## ABOUT THIS TASK
All of the data must be retyped exactly, with nothing left out.

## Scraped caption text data
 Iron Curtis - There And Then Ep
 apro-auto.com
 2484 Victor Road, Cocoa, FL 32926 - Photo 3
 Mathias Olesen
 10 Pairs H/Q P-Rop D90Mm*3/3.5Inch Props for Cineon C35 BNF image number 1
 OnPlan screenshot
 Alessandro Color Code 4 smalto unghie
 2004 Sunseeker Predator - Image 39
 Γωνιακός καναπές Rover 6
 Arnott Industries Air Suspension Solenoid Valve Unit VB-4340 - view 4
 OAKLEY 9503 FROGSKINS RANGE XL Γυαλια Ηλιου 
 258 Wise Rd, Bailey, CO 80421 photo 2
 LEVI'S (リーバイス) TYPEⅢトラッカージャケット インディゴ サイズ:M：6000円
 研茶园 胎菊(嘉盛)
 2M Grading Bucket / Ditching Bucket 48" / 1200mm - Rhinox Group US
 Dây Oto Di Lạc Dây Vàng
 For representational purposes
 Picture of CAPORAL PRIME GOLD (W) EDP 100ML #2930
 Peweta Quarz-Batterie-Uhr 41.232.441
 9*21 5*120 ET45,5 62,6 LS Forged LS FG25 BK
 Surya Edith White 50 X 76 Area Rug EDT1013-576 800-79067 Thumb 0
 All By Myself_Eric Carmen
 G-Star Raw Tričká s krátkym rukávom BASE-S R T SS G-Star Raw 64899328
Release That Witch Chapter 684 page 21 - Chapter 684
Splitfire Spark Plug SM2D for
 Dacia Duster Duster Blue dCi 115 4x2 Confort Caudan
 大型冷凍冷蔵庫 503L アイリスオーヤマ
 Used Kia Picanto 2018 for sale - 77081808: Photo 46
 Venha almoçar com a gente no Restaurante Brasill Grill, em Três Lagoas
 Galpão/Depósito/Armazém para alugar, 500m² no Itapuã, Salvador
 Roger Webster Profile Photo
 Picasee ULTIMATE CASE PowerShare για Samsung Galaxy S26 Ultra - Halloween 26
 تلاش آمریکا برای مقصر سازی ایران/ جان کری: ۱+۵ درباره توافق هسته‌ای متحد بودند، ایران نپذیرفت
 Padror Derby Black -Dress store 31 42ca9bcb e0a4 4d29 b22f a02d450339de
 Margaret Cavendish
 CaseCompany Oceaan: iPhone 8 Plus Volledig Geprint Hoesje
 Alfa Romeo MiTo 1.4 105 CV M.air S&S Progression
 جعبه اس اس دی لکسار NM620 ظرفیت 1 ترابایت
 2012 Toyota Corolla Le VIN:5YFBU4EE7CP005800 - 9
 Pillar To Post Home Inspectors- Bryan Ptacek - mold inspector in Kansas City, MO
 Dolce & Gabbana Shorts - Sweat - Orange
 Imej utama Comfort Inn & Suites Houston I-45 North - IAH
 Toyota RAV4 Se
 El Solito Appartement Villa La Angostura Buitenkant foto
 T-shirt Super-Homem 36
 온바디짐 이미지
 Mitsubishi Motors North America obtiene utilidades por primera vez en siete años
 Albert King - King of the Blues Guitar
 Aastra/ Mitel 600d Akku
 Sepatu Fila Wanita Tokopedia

## COMPLETED EXERCISE
 Iron Curtis - There And Then Ep
 apro-auto.com
 2484 Victor Road, Cocoa, FL 32926 - Photo 3
 Mathias Olesen
 10 Pairs H/Q P-Rop D90Mm*3/3.5Inch Props for Cineon C35 BNF image number 1
 OnPlan screenshot
 Alessandro Color Code 4 smalto unghie
 2004 Sunseeker Predator - Image 39
 Γωνιακός καναπές Rover 6
 Arnott Industries Air Suspension Solenoid Valve Unit VB-4340 - view 4
 OAKLEY 9503 FROGSKINS RANGE XL Γυαλια Ηλιου 
 258 Wise Rd, Bailey, CO 80421 photo 2
 LEVI'S (リーバイス) TYPEⅢトラッカージャケット インディゴ サイズ:M：6000円
 研茶园 胎菊(嘉盛)
 2M Grading Bucket / Ditching Bucket 48" / 1200mm - Rhinox Group US
 Dây Oto Di Lạc Dây Vàng
 For representational purposes
 Picture of CAPORAL PRIME GOLD (W) EDP 100ML #2930
 Peweta Quarz-Batterie-Uhr 41.232.441
 9*21 5*120 ET45,5 62,6 LS Forged LS FG25 BK
 Surya Edith White 50 X 76 Area Rug EDT1013-576 800-79067 Thumb 0
 All By Myself_Eric Carmen
 G-Star Raw Tričká s krátkym rukávom BASE-S R T SS G-Star Raw 64899328
Release That Witch Chapter 684 page 21 - Chapter 684
Splitfire Spark Plug SM2D for
 Dacia Duster Duster Blue dCi 115 4x2 Confort Caudan
 大型冷凍冷蔵庫 503L アイリスオーヤマ
 Used Kia Picanto 2018 for sale - 77081808: Photo 46
 Venha almoçar com a gente no Restaurante Brasill Grill, em Três Lagoas
 Galpão/Depósito/Armazém para alugar, 500m² no Itapuã, Salvador
 Roger Webster Profile Photo
 Picasee ULTIMATE CASE PowerShare για Samsung Galaxy S26 Ultra - Halloween 26
 تلاش آمریکا برای مقصر سازی ایران/ جان کری: ۱+۵ درباره توافق هسته‌ای متحد بودند، ایران نپذیرفت
 Padror Derby Black -Dress store 31 42ca9bcb e0a4 4d29 b22f a02d450339de
 Margaret Cavendish
 CaseCompany Oceaan: iPhone 8 Plus Volledig Geprint Hoesje
 Alfa Romeo MiTo 1.4 105 CV M.air S&S Progression
 جعبه اس اس دی لکسار NM620 ظرفیت 1 ترابایت
 2012 Toyota Corolla Le VIN:5YFBU4EE7CP005800 - 9
 Pillar To Post Home Inspectors- Bryan Ptacek - mold inspector in Kansas City, MO
 Dolce & Gabbana Shorts - Sweat - Orange
 Imej utama Comfort Inn & Suites Houston I-45 North - IAH
 Toyota RAV4 Se
 El Solito Appartement Villa La Angostura Buitenkant foto
 T-shirt Super-Homem 36
 온바디짐 이미지
 Mitsubishi Motors North America obtiene utilidades por primera vez en siete años
 Albert King - King of the Blues Guitar
 Aastra/ Mitel 600d Akku
 Sepatu Fila Wanita Tokopedia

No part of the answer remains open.